N’dohi Yapi Raymond qui déclare lui-même qu’il est au service du Pdci depuis 1980 trouve aujourd’hui que le Pdci n’est plus viable parce que ses intérêts à lui ont pris un coup. Il n’est plus maire depuis l’élection municipale de 2018 qui a vu l’avènement de Cissé Bacongo qui lui sert aujourd’hui de parrain. Il avait crié sur tous les toits qu’on lui avait volé sa victoire. Aux élections législatives de 2021, il n’a rien pu faire pour redonner au Pdci ses sièges perdus dans la commune. Il parle aujourd’hui de frustration parce que ne plus lui faire confiance et mettre en avant d’autres cadres plus conquérants et plus volontaires que lui est vécu comme crime de lèse-majesté.
Ils partent en sciant la branche sur laquelle ils étaient assis. Gouali Dodo Basile, dont le nom se confondait jusque-là avec le Pdci dans le département de Vavoua estime pour sa part que son ancien parti manque de vision et d’ambition. Il ne veut plus suivre un parti qui ne peut plus gagner et avec lequel il a du reste perdu son siège de député à l’assemblée nationale. Siège qu’il a eu et occupé avec l’onction du Pdci plusieurs années durant.
Un autre, N’Dri Narcisse dont le CV politique a pris de l’envergure avec le Pdci serait lui aussi, sur le départ.
Que se passe-t-il dans le parti presque octogénaire fondé par Félix Houphouët-Boigny de haute lutte ?
Les bruits de couloir annoncent une situation orageuse. Au centre de l’imbroglio, la gestion des hommes. Le président Bédié a beau multiplier les structures, nommer des hommes de confiance à la tête de ces différentes entités, la cohésion reste une autre paire de manches. Des cadres qui se marchent dessus, qui se torpillent à la limite et ne se font plus confiance. Ce cocktail toujours explosif est du pain béni pour le parti au pouvoir pour ouvrir grandement ses bras à ceux qui ne parlent plus le langage de Konan Bédié. S’ils ne sont démarchés individuellement par certains anciens cadres du Pdci passés au Rhdp, on leur miroite des possibilités de financement de leurs projets pour ceux qui sont des élus (députés, maires, sénateurs, présidents de conseils régionaux). L’un après l’autre ils mordent à l’hameçon.

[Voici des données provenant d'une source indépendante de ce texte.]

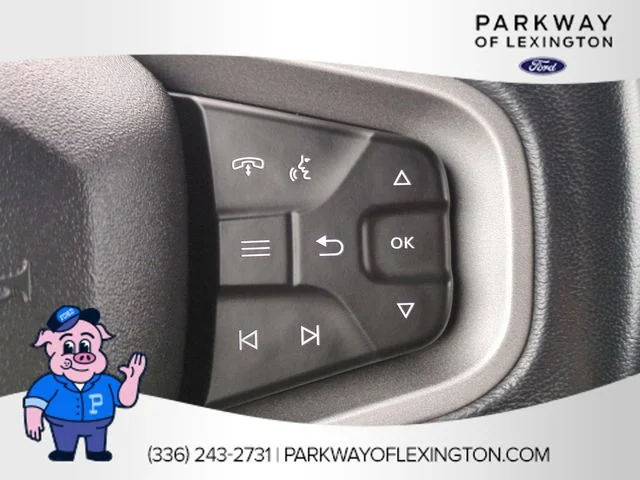 Used 2023 Blue Ford Wildtrak image 18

Le problème est qu’ils ne sont pas vraiment des militants de conviction et d’ambition. Sinon qui d’autre peut faire le bonheur du parti Pdci-Rda si ce n’est la conjugaison des efforts de chacun des cadres au niveau où il se situe ? Partir pour peu qu’on ne partage pas une certaine orientation du parti est en fait une fuite en avant et un manque de courage et de vision. Il n’y a pas une famille politique aujourd’hui où tout est rose. Le parti au pouvoir malgré la manne financière à sa disposition entretient lui aussi ses contradictions qui pour l’instant sont contenues parce que les intérêts du moment le commandent.
L’autre problème du Pdci se situe dans le choix de ses alliances. Il y est née une ligne de démarcation entre ceux qui sont pour une alliance avec le Rhdp et ceux qui considèrent que le bon choix stratégique est l’attelage avec le Ppa-Ci de Laurent Gbagbo, un autre parti d’opposition.
Difficile d’avoir des statistiques mais certains au Pdci pensent qu’il n’est pas viable pour le Pdci de faire carrière dans l’opposition. Le Pdci-Rda, selon ceux-ci est un parti de pouvoir et pour le pouvoir. Tout ce qui éloigne donc du pouvoir ne fait pas recette dans les rangs de ceux-ci. Et l’on aura remarqué que les renégats de l’heure sont ceux-là qui militaient pour un retour au Rhdp après la rupture intervenue en 2018.
Comment Henri Konan Bédié fera-t-il pour arrêter la saignée à quelques mois des élections locales ? Entre la fermeté et la posture du non-retour au Rhdp, entre la nouvelle alliance avec Gbagbo et le renouvellement générationnel à l’approche de 2025, il devra opérer un choix clair.